Start of Task inputs

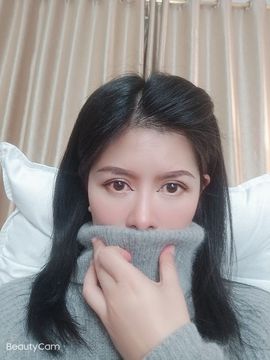 伊娜休主播照片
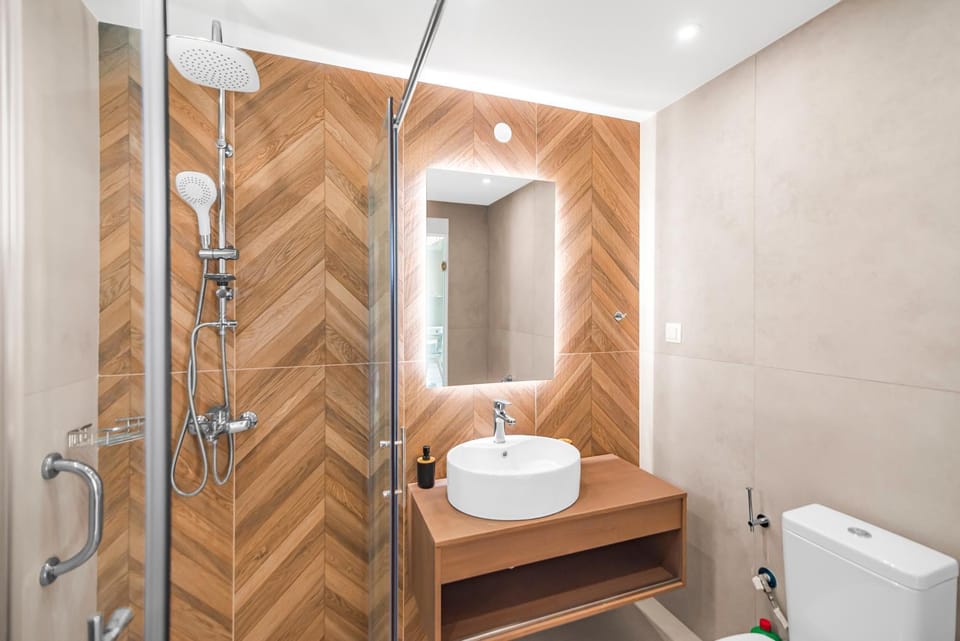 Shower, Toilet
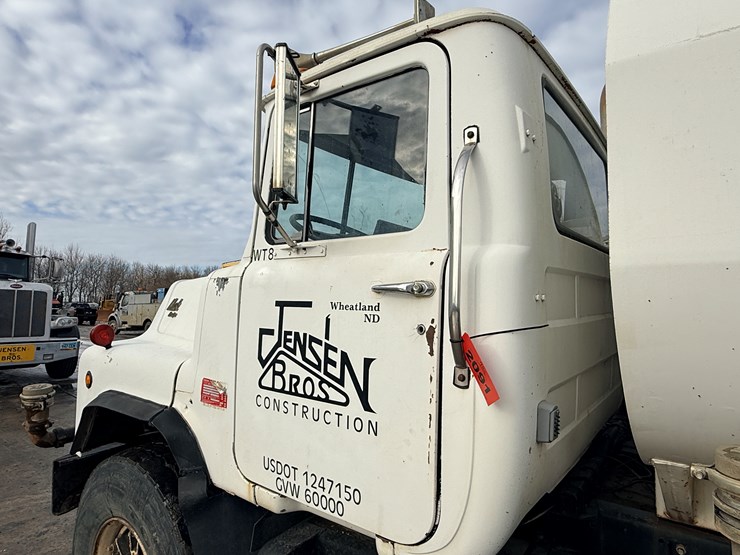 1988-mack-dm690s-image-15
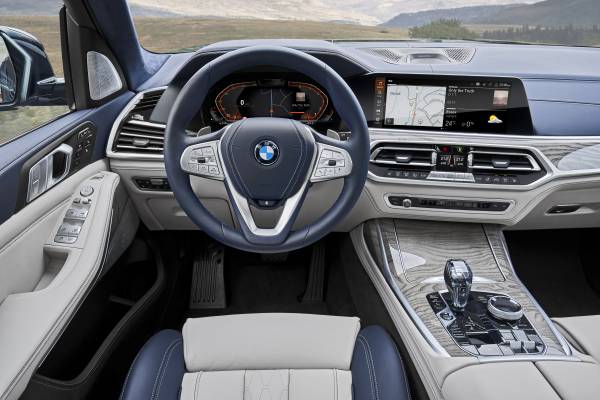 BMW présente l'avenir du système d'affichage et d'exploitation BMW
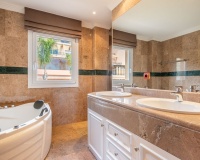 Wiederverkauf - apartment - Marbella - Nueva Andalucía
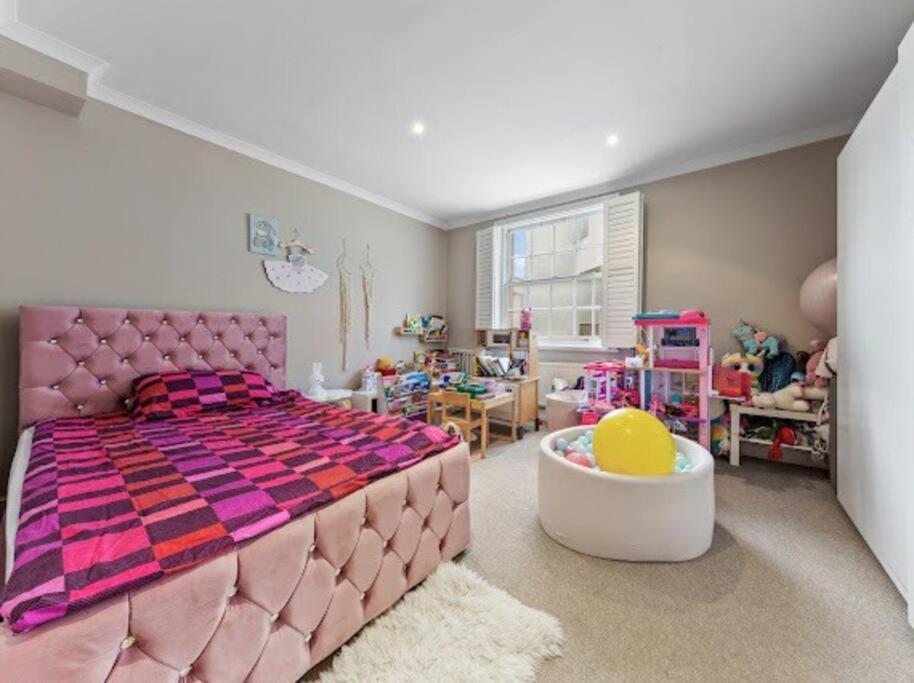 Hébergement de vacances Mews House West Ken *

End of Task inputs

▶ [Exercise]:
What is needed is an exact repeat of every entry above, with the pictures left out.

▶ [Reply]:
 伊娜休主播照片
 Shower, Toilet
 1988-mack-dm690s-image-15
 BMW présente l'avenir du système d'affichage et d'exploitation BMW
 Wiederverkauf - apartment - Marbella - Nueva Andalucía
 Hébergement de vacances Mews House West Ken *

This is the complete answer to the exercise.